■ Dataset content:
= = =

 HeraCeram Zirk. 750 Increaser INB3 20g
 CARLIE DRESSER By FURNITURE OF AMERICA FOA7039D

= = =

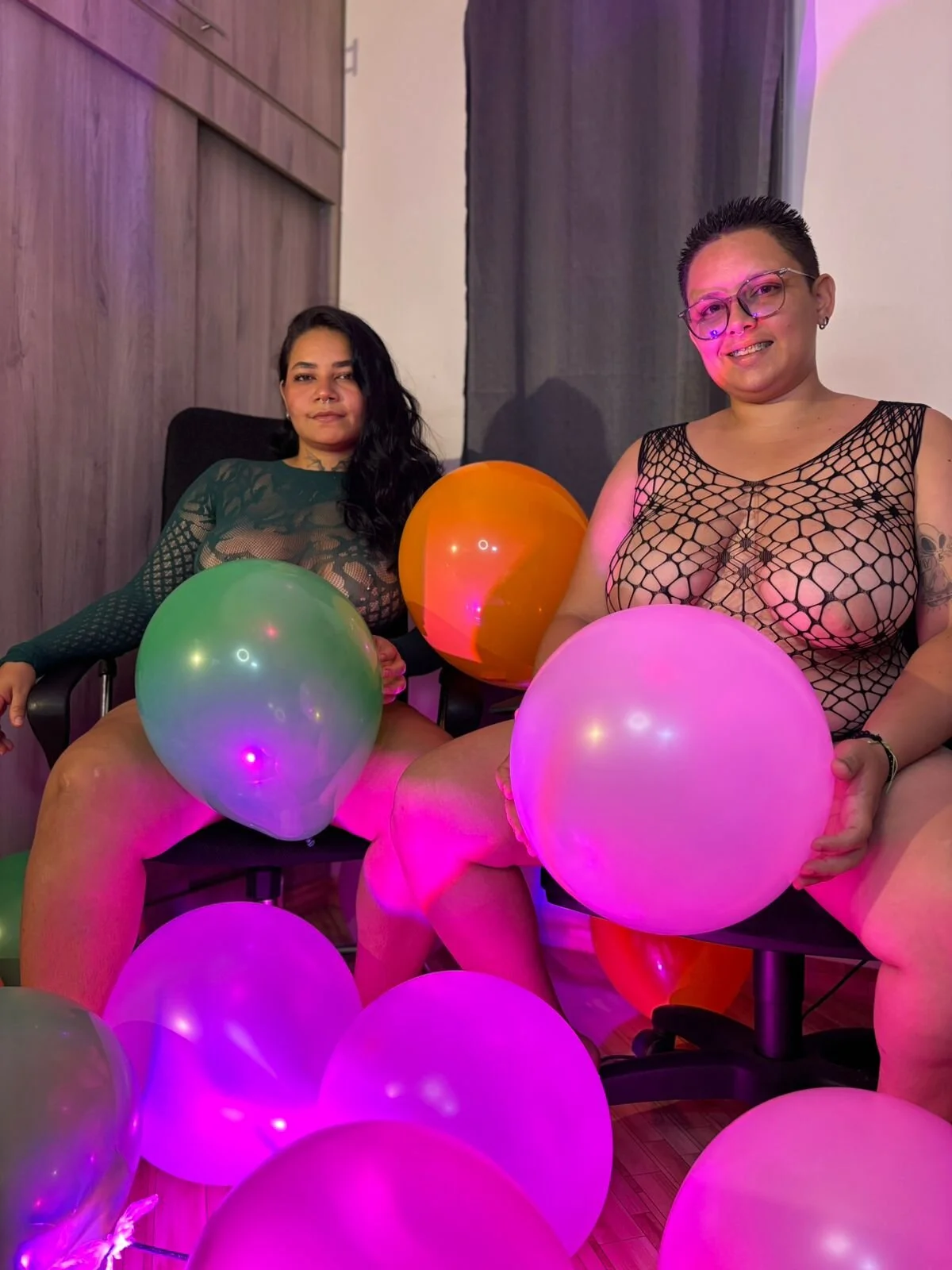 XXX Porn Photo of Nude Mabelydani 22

= = =

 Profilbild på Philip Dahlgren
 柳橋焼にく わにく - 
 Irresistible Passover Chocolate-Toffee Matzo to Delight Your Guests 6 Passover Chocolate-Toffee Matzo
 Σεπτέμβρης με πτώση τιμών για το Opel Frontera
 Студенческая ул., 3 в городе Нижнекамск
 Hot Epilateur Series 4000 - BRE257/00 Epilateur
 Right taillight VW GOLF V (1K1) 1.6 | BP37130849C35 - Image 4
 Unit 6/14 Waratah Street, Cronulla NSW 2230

= = =

Everything in the material above from the line that has "Right taillight VW" through the line that has "Unit 6/14 Waratah Street, Cronulla NSW 2230" must be duplicated exactly, with no other lines given.

■ Response below:
 Right taillight VW GOLF V (1K1) 1.6 | BP37130849C35 - Image 4
 Unit 6/14 Waratah Street, Cronulla NSW 2230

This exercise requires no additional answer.